Profile update (this round) — done: PATCH /api/me/account (name/avatar) on the existing MeController — cross-persona, resolves the User from the session (BA, employee, or DemozAuth via the bridge), so it's not in the auth package. employer-web profile save flag-gated to it. Verified live under a DemozAuth session.

Phase 4c is complete.

Phase 4d — all portals piloted (this change)

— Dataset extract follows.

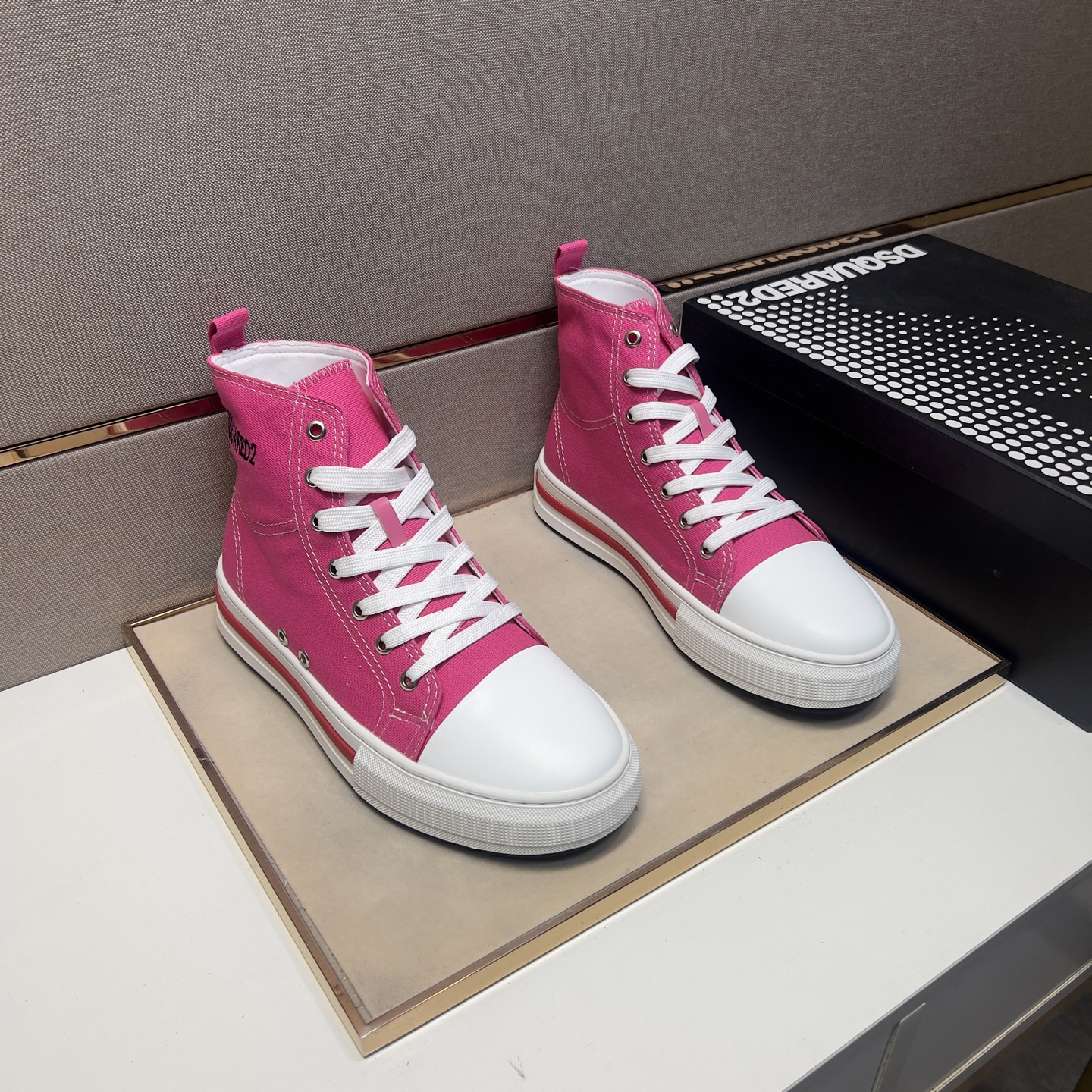 NO:284168,[D2~] Couple casual high-top shoes 2025z cabinet are available simultaneously. Size: 35-44# 1 color upper is made of multi-material splicing mesh inner lining, comfortable and breathable, the original sole is comfortable and wear-resistant and non-slip sole, and the real shot is even better.19860909【D2～】情侣装休闲高帮鞋2025z柜同步发售 码数:35-44# 1个颜色鞋面选用多材质拼接网布内里,舒适透气,鞋底原版舒适耐磨防滑大底,实物拍摄实物更赞,,Men's shoes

admin-web, fi-web, merchant-web each got the employer treatment (flag-gated on NEXT_PUBLIC_DEMOZ_AUTH): lib/demoz-auth-client.ts, login (+2FA challenge), split SessionProvider (BA + Demoz variants with the right persona check — FI_PARTNER/MERCHANT, and organization===null for platform admin), middleware cookies, forgot/reset/2fa-verify/2fa-enroll pages, dropdown logout, and Settings (change-password/sessions/2FA/profile). fi-web + merchant-web verified live (login → workspace → /members/me returns the correct kind). All four portals build. Caveat: admin-web enforces 2FA and existing Better-Auth TOTP secrets aren't readable by DemozAuth (different cipher) — PrismaTwoFactorStore.find treats them as unenrolled rather than throwing, so admin-web must stay on Better Auth until a TOTP-secret migration ships (or admins re-enroll). fi/merchant/employer (2FA optional) are unaffected.

The remaining work (per product direction, these must exist in DemozAuth BEFORE BA is removed): OAuth/social sign-in, magic-link, and JWT issuance as DemozAuth plugins (introduces DemozAuth's own secret/baseURL config), a TOTP-secret migration for admin, then flip each portal's flag on and delete the BA factory + Express mount. Tables + credentials remain.

Phase 5 — Better Auth removal at parity

Removal requires feature parity, not just login parity. Per product direction (2026-06-25), DemozAuth must FIRST gain the capabilities BA provides that we keep using — OAuth/social sign-in, magic-link, and JWT issuance (plus 2FA + password reset from 4c). These become DemozAuth plugins (the engine's plugin model is built for exactly this). Only when DemozAuth covers every BA feature in use AND all four portals are cut over is BA deleted (one factory + the Express mount). Adding OAuth/magic-link/JWT is when DemozAuth gains its own secret/baseURL config (signed tokens + callback URLs) — not needed before.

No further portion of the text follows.